Alessandro Sandrini, 32, and Sergio Zanotti, 60, allegedly plotted the scheme with at least three other men.
The gang had promised Sandrini he would be taken to a villa where he would enjoy ‘women alcohol and drugs’, prosecutors say, but instead in October 2016, the gang took him to Adana, Turkey, and sold him to Syrian terror group, Hayat Tahrir al-Sham.
The same thing had happened to Zanotti a few months earlier, in April, but he was taken to Antioch, still in Turkey.
In both kidnaps, the terrorists published disturbing photographs of the men.
Sandrini was pictured on his knees in an orange jumpsuit, with two armed extremists standing behind him.
Jihadists also sent out an image of Zanotti kneeling, wearing a white robe while a suited-up man held a gun behind him.
Zanotti was released exactly three years later and is currently under investigation for his alleged role in the scheme.
Santrini was freed a month before in May 2019, but when he returned to Italy he was immediately put on house arrest over several robberies he allegedly committed before his kidnapping.
Three of the men who Sandrini and Zanotti allegedly plotted with, Italian Alberto Zanini, 54, and Albanians Fredi Frrokaj, 43, and Olsi Mitraj, 41, were arrested in Brescia, northern Italy.
Santrini has claimed that he had not planned his own kidnapping and was simply on holiday in Turkey when he was kidnapped.
Santrini said: ‘I lost my way to the hotel and found myself walking around the streets of Adana.

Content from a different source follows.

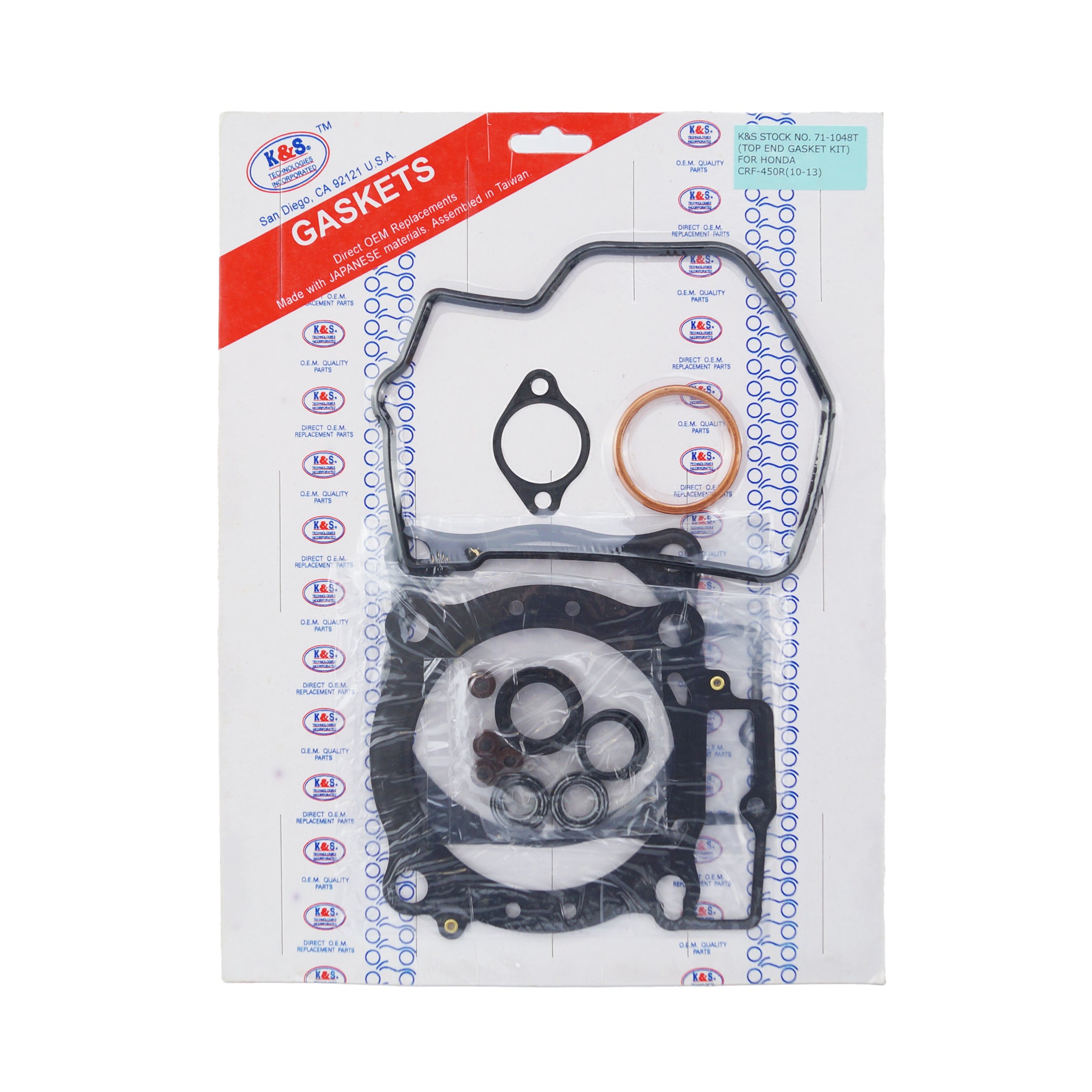 GASKET TOP KIT 09-15 CRF450R, K&S TECHNOLOGIES [32PC SET], KS71-1048T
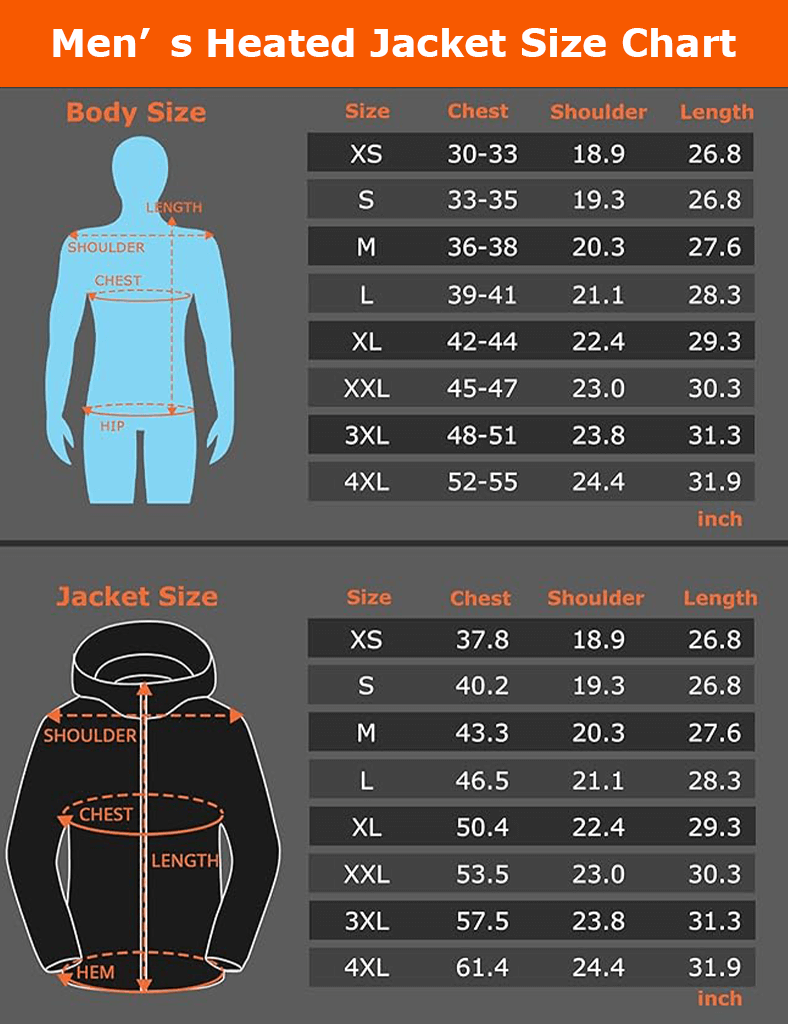 Heated Jacket - Dual Control System for Outdoor Comfort Julesroches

‘I felt someone putting something on my face. I felt drugged and I fell asleep. I woke up in a room where there were two people who were armed and hooded.’
But anti-terrorism police and the Italian Carabinieri launched a probe into the kidnappings and Santrini was this week charged with fraud and simulating a crime.
Santrini’s ex-girlfriend claims that he had offered her €100,000 (£85,000) to play along with the plot.
She told local media: ‘During the drive to the airport he kept telling me that I should stay calm, because when he got home we’d have loads of money that would come from the foreign ministry as ransom for his release.’
‘Before he left, he assured me that if I kept up the charade with his family, the newspapers and the police, €100,000 (£85,000) would be mine.’